Vazgeçmem mümkün değil. Öndeki sezon için de Beşiktaş’ta kalıyor olması yönetimin yaptığı iyi bir iş. Seneye ayağa kalkılacaksa, Tigana ile olur. Aldığım duyumlar hep pozitif. Dünya markası bir adamın tabi ki, futbolcu portföyü vardır. Beşiktaş’ın yapısına uygun en az dört tane yabancı, Tigana tarafından bu takıma monte edilecek. Beşiktaş maalesef iki sezondur yabancı yönünden arızalı. Şu an kullanılan kadroda, üç yabancı iş görür görünümünde. Cordoba, Kleberson ve Ahmed Hassan, iyi bir kadro yapılır ise üçü de iş görür. Matematikte de şu çıkıyor; "Dört değil üç iyi yabancıya ihtiyaç var." Cordoba, ciddiye aldığı oyunların en iyi kalecisi. İyi bir kadroda neler yaptığını 100’üncü yıl şampiyonluğunda gördük. Kleberson, çok iyi oyuncu ama takımın tamamı iyi oynuyorsa o da iyi oynuyor. Ben Ahmed Hassan’ı tutarım. Çok değişik adam. Rakibi rahatsız eden, hep oyunun içinde olan, olmadık yerlerde kendinden başka kimsenin yapamayacağı golleri yapan bir oyuncu. Beşiktaş’ın yapacağı ideal bir kadroda Bobo da olmaz, Jun da. Çok ucuz masrafla denenmiş olmaları, zarar hanesine ağır bir yük değil ama yine olmaz.
SERGEN-TÜMER
BAŞKALARINA sataşmak pratiğimde olan bir şey değildir. Konuşurken de yazarken de, hep beni bağlayan şeyler dile getiririm. İyi futbolun iyi futbolcuyla oynandığına inanırım. Portekiz’de Guimaraes maçı sonrası Tigana’ya sordum: "Sergen ile Tümer’i niye ilk 11’de oynatmıyorsun?"
Aldığım cevap kısa ve öz oldu:
"İkisi de hazır olduğu halde oynatmayan hocaya aptal derler."
Sakın ola son Fener maçı bana bunları yazdırıyor zannedilmesin.
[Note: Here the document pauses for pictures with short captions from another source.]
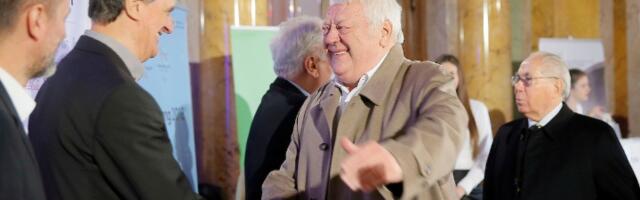 Vladimir Cvetković je pomogao i Partizanu: Pozajmio ogroman novac crno-belima, pa objasnio zašto je to uradio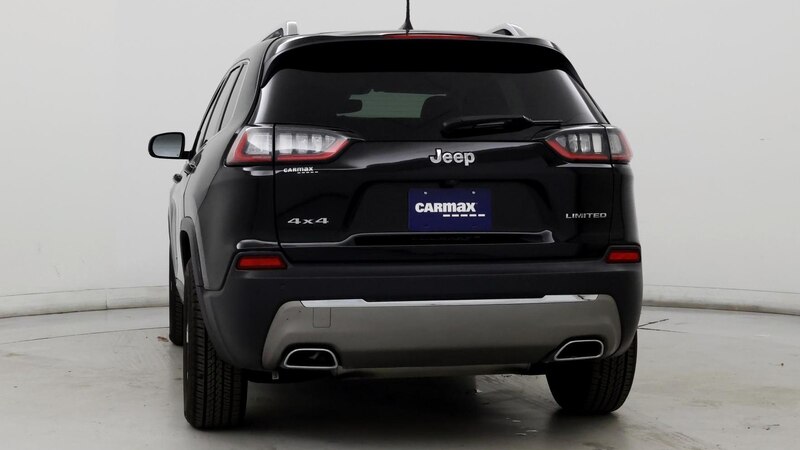 2019 Jeep Cherokee Limited Edition 6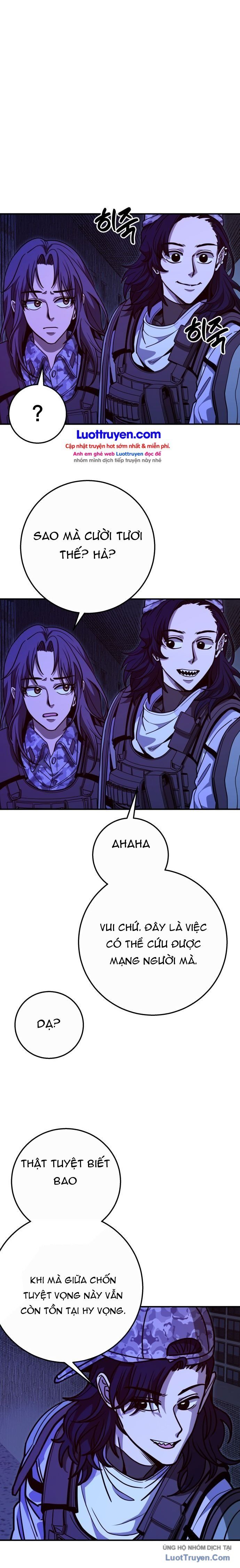 Sinh Vật Đáng Yêu Chapter 14 - 25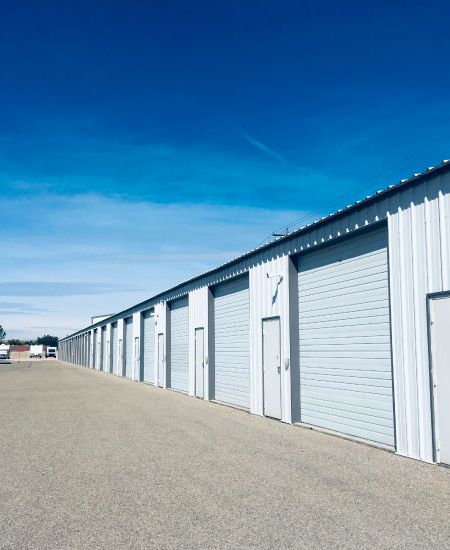 Storage Units at Eagle Facility | Idaho Storage Connection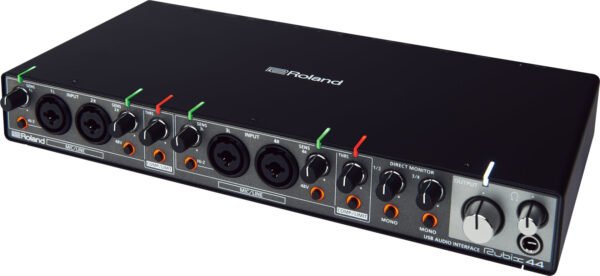 Rubix44 USB Audio Interface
O maç, günü birlikti. İkisi de büyük top oynadı. Benim iddiam ikisinin birlikte çok şeyler yapacağıdır. Daha da ileri gideyim. İllaki ikisi birden oynasın diye birinden birini kaleci bile oynatırım. Yeter ki, ikisi de fizik ve kafa olarak hazır olsunlar.
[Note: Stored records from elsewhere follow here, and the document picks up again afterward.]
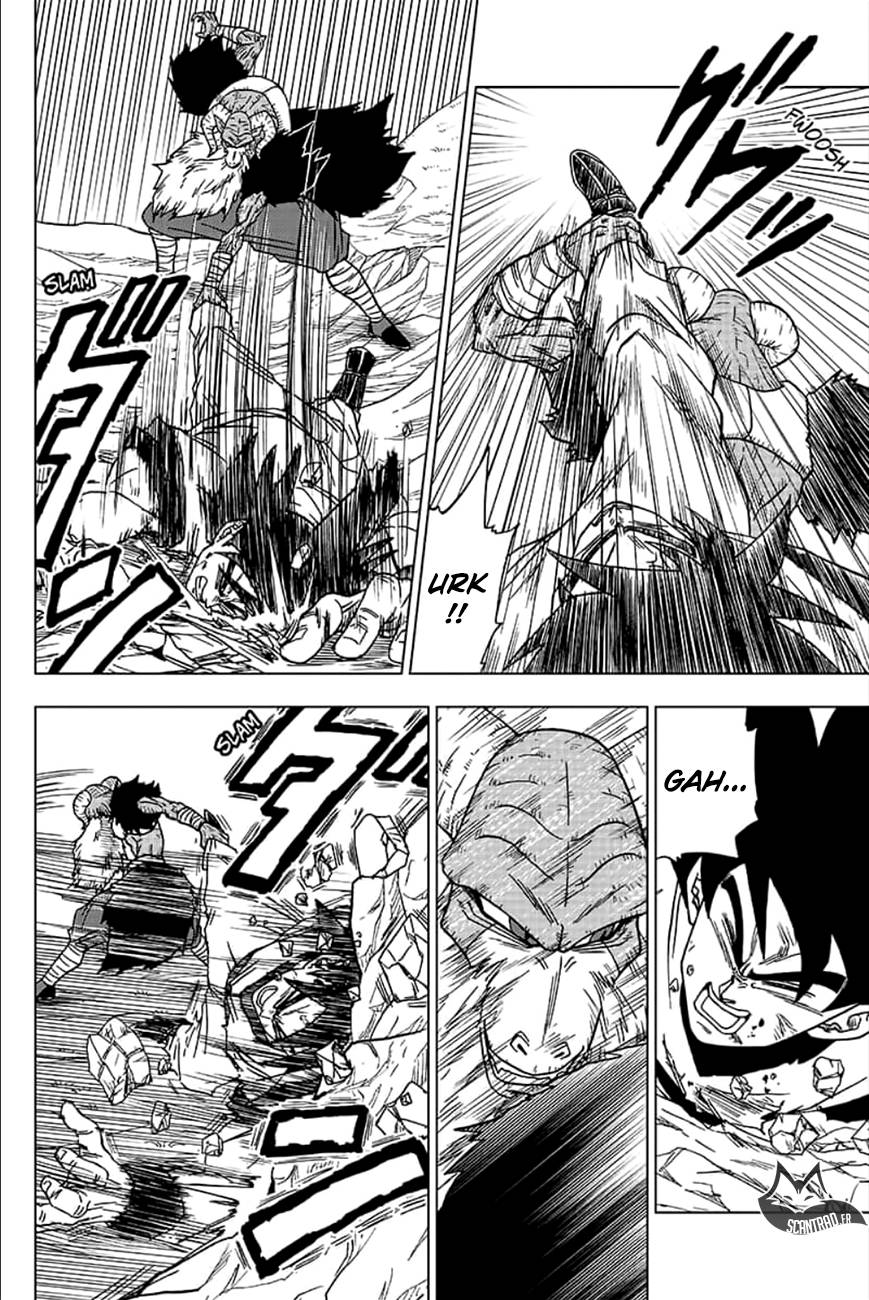 Lecture en ligne Dragon Ball Super 46 page 5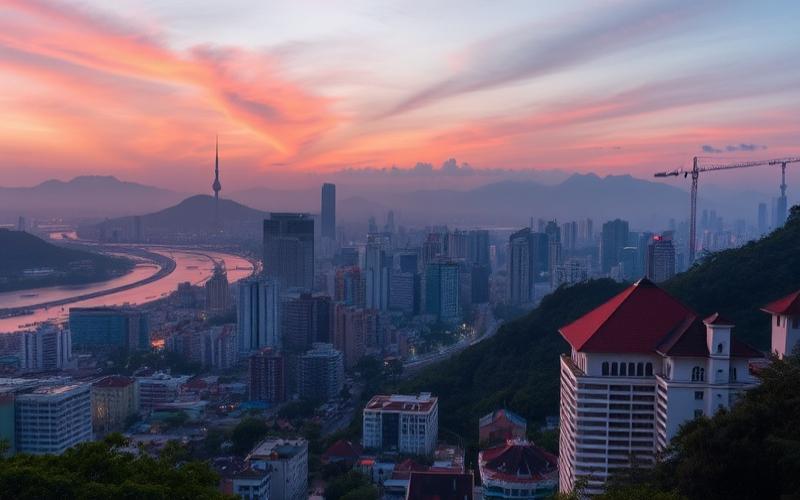 Marché Immobilier Indonésien : Tendances Actuelles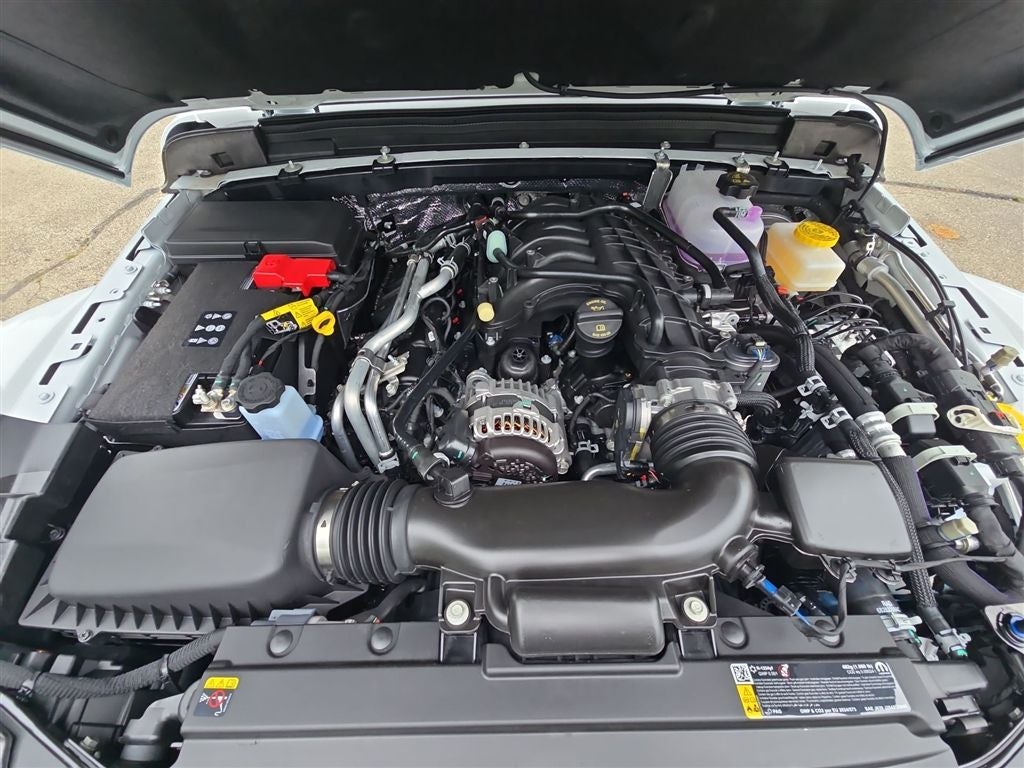 2027 Jeep Wrangler Rewind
Sergen’e özel bir paragrafım var. Bak güzel evladım, seninle baba-oğul gibiyiz. Maç sonrası röportajını dinledim. ’40 yaşıma kadar top oynayacağım’ diyorsun. Keyif aldım. Oynayacağına da inancım büyük. Yeter ki, sen iste. O yaşın üstüne bile çıkarsın. Çünkü sen başka bir şeysin. Ben şimdiye kadar senden başka hiçbir futbolcu için ’göz keyfim’ demedim. Ne beni ne Beşiktaşlılar’ı ne de futbolseverleri bu keyiften mahrum etme.